§ RECORDS TO USE:
-- Opening Marker --

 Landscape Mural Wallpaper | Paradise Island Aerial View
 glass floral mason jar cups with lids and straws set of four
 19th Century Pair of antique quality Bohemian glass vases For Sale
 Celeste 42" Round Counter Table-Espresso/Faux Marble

-- Closing Marker --
-- Opening Marker --

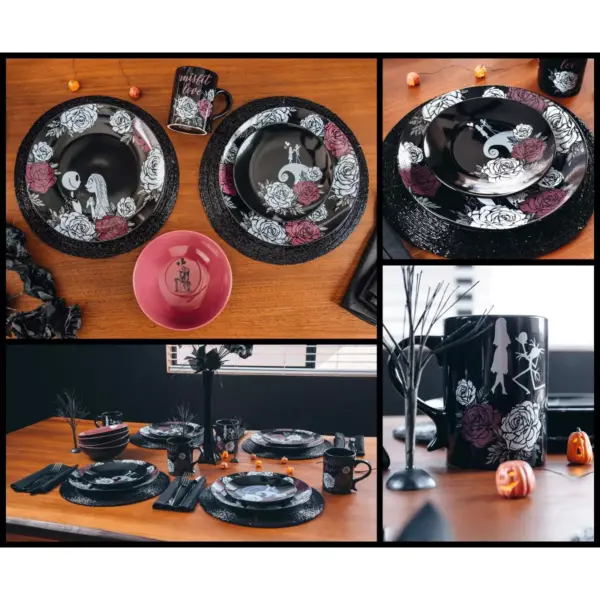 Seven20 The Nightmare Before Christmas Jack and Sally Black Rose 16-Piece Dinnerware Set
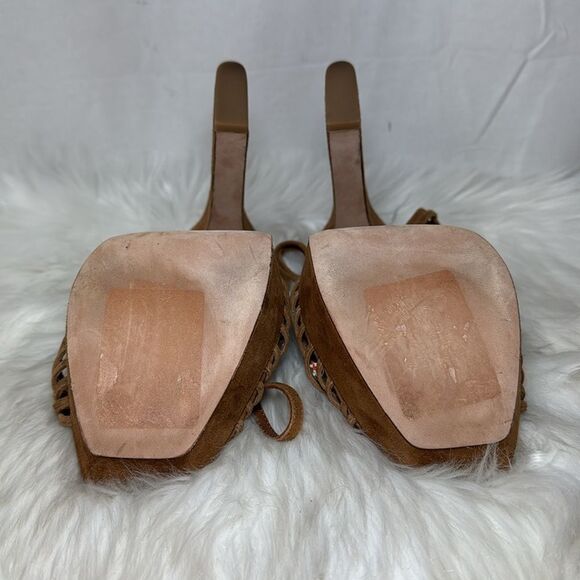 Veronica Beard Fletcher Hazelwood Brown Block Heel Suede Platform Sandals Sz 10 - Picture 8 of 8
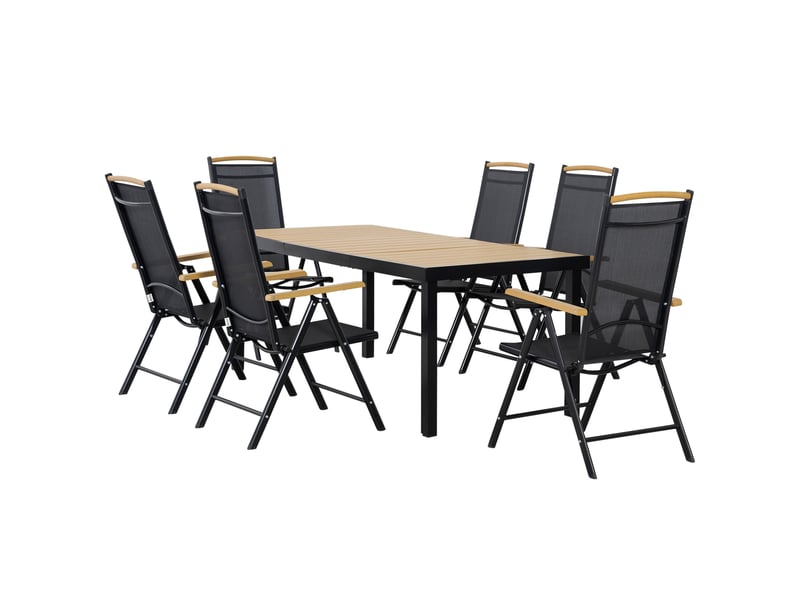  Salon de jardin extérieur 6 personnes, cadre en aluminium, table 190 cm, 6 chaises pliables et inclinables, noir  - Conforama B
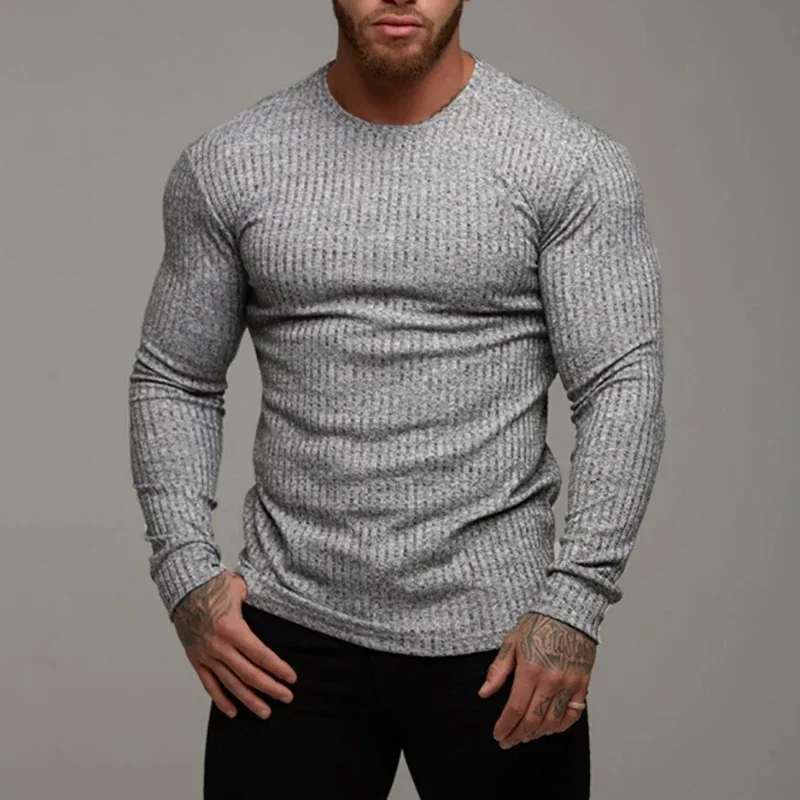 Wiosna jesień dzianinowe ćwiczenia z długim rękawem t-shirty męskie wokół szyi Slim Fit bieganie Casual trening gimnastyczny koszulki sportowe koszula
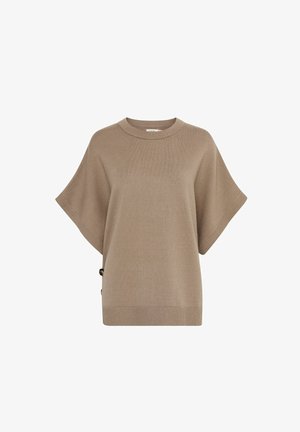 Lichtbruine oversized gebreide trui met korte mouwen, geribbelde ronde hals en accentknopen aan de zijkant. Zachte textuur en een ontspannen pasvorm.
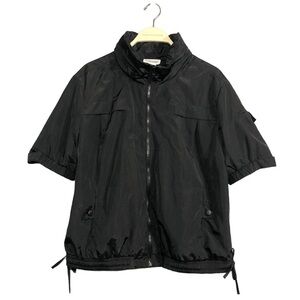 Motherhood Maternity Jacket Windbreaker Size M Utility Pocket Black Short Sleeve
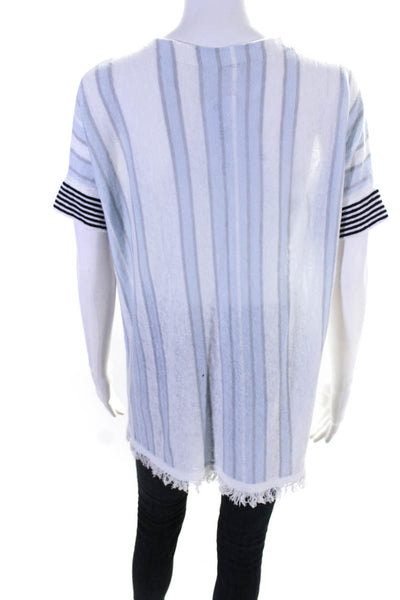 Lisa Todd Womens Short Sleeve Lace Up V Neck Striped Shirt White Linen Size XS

-- Closing Marker --
-- Opening Marker --

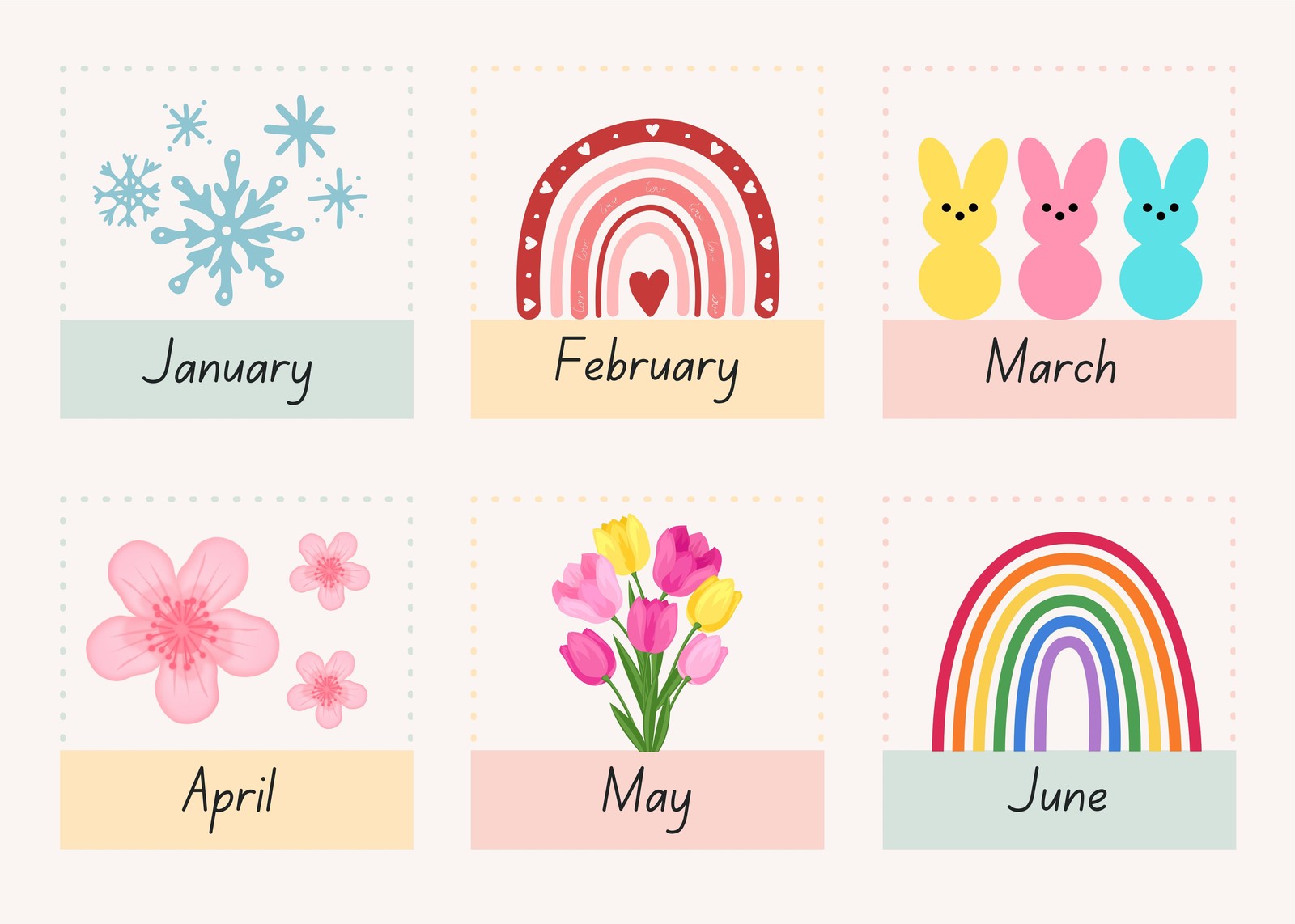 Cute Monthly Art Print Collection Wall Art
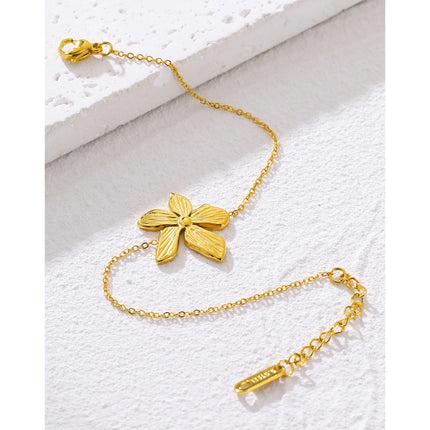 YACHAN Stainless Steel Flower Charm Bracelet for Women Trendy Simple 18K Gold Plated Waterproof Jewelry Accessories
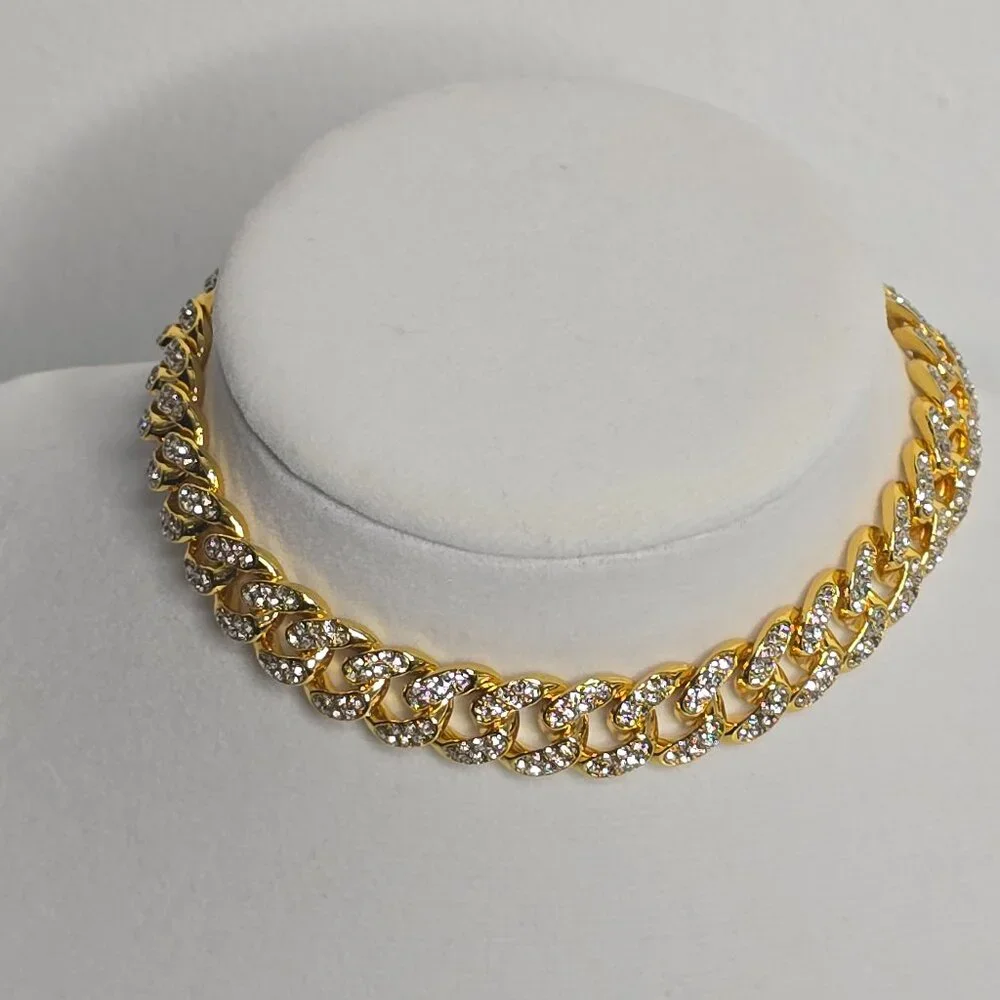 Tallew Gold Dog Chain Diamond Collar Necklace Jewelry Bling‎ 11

-- Closing Marker --

§ TASK GOAL: In the entries above, one line contains "Landscape Mural Wallpaper" and another contains "Counter Table-Espresso/Faux Marble". Reproduce exactly those two lines and the lines between them, nothing else.

§ ANSWER TO THIS PROBLEM:
 Landscape Mural Wallpaper | Paradise Island Aerial View
 glass floral mason jar cups with lids and straws set of four
 19th Century Pair of antique quality Bohemian glass vases For Sale
 Celeste 42" Round Counter Table-Espresso/Faux Marble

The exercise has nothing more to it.